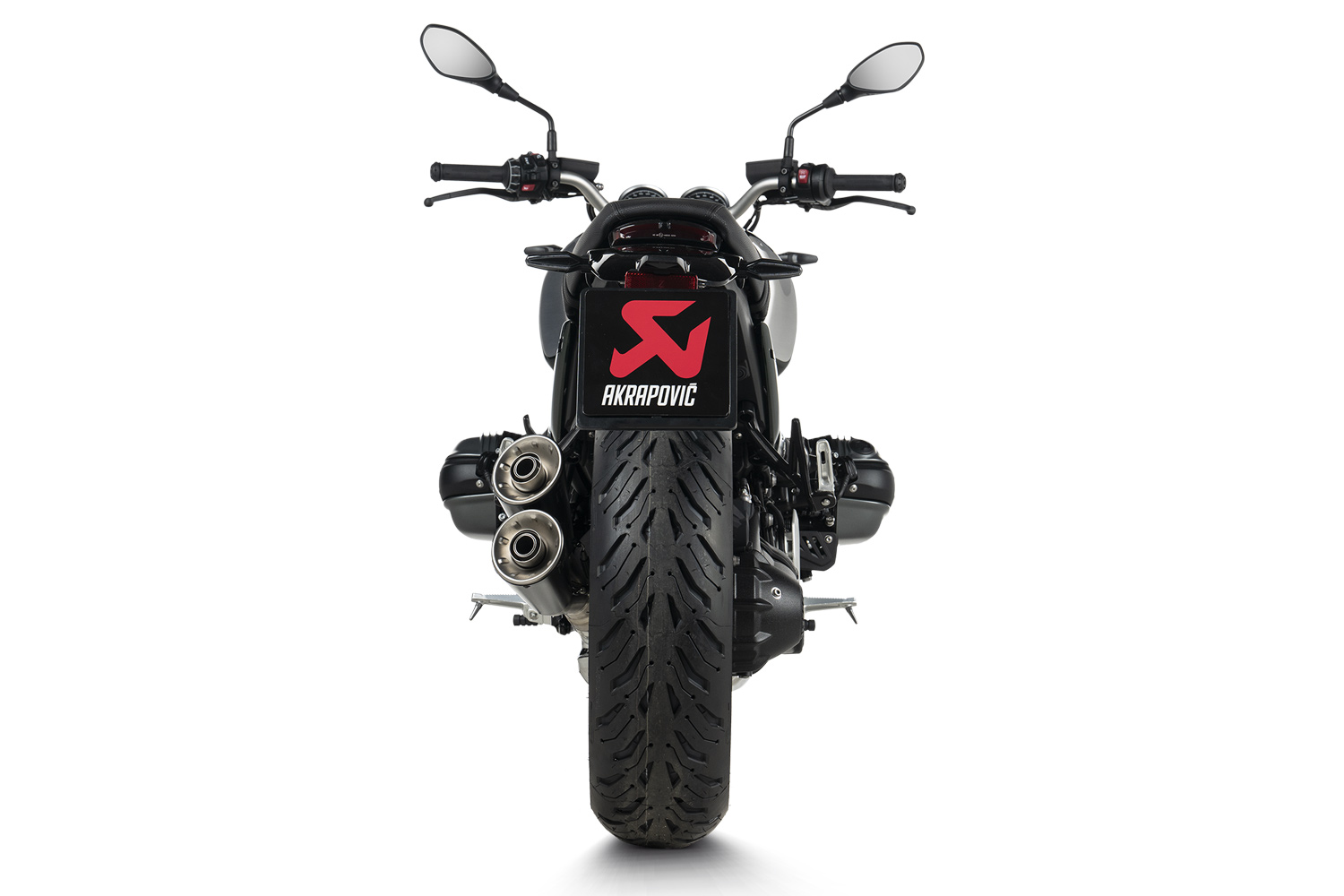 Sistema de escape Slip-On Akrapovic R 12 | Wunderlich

◆ ◆ ◆ ◆

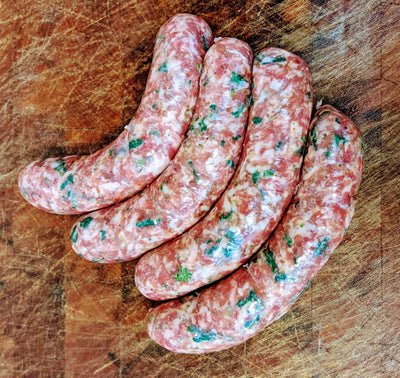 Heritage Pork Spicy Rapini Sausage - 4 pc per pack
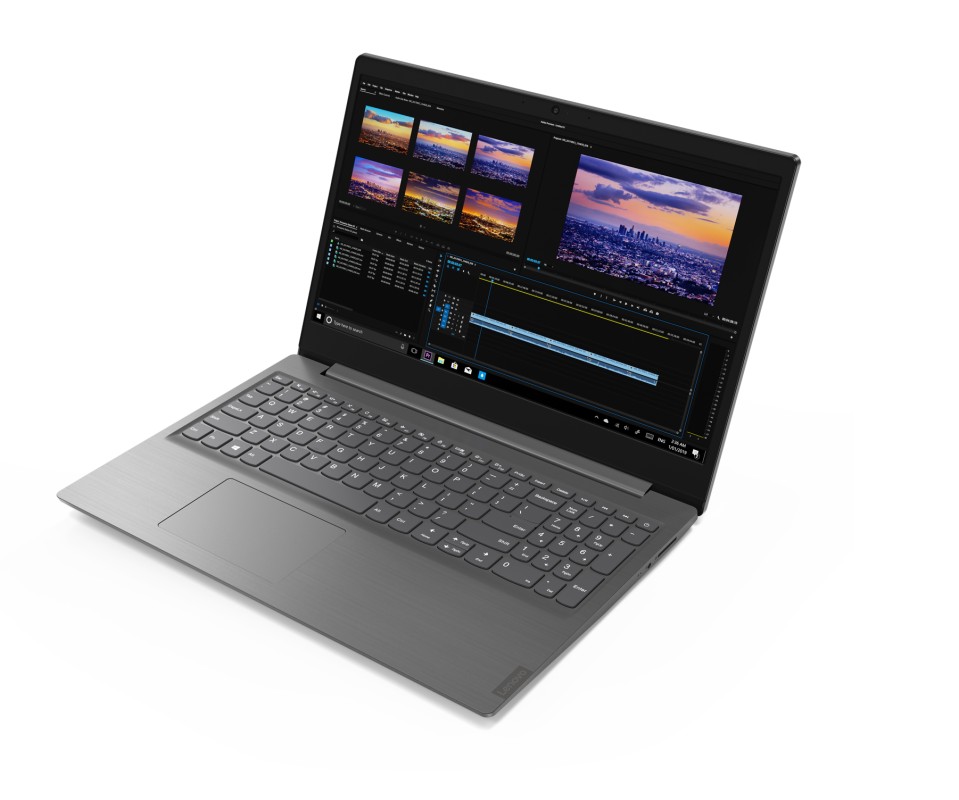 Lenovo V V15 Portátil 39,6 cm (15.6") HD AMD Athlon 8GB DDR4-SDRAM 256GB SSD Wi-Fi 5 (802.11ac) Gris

◆ ◆ ◆ ◆

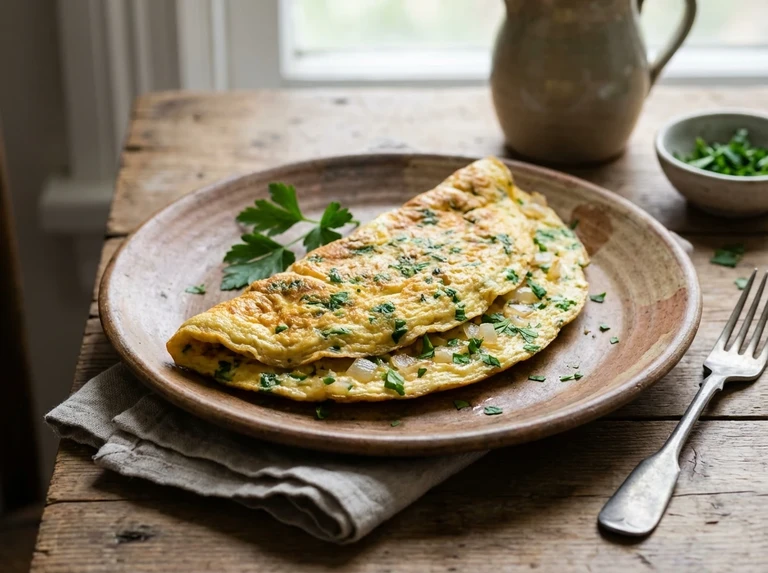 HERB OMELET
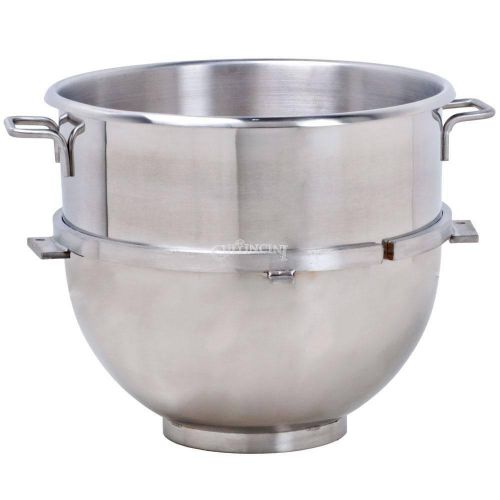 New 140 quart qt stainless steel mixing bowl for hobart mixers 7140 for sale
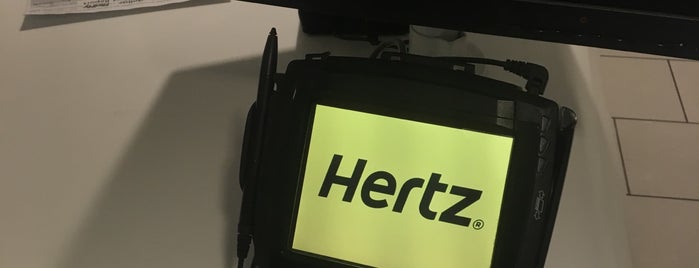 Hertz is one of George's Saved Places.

◆ ◆ ◆ ◆

What needs to be done: Without the pictures, give again exactly the lines above starting at the line containing "Heritage Pork Spicy" and ending at the line containing "Lenovo V V15".

Answer for the task:
 Heritage Pork Spicy Rapini Sausage - 4 pc per pack
 Lenovo V V15 Portátil 39,6 cm (15.6") HD AMD Athlon 8GB DDR4-SDRAM 256GB SSD Wi-Fi 5 (802.11ac) Gris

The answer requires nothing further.